Putting rich content, such as formatting in Markup or HTML, or inline-images into messages was even worse, because it made messages completely unreadable to users with clients that did not support these new formats.
Consequently, all extensions got heavy resistance from end-users and operators everywhere, and eventually USENET evolution stopped, and everybody moved to web forums. Essentially, USENET died with the appearance of phpBB and friends.
How web forum software won
Web Forum software was, in the eyes of USENET users, a big step backwards. It was not distributed, the client was primitive and put emphasis on presentation. The presentation was proscribed by the board operator instead of being a choice of the reader.

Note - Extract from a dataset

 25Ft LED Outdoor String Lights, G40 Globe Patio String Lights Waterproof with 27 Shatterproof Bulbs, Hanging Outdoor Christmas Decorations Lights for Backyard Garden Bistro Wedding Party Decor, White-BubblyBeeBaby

But web boards were easy to upgrade: With an upgrade, the same set of features was available to all users at once, and there was no possible resistance from users who were slow or negligent in upgrading their software.
While you had to go through a slow and lengthy discussion process and voting process to get just one newsgroup, web forums offered an easy way to get any number of groups on a simple web server with phpBB. Also, you controlled audience and admission, so it was possible to create protected safe spaces — by design an impossibility on USENET.
In the end, that made all but the most hardware tech audience move away from USENET rather quickly, and eventually USENET became irrelevant.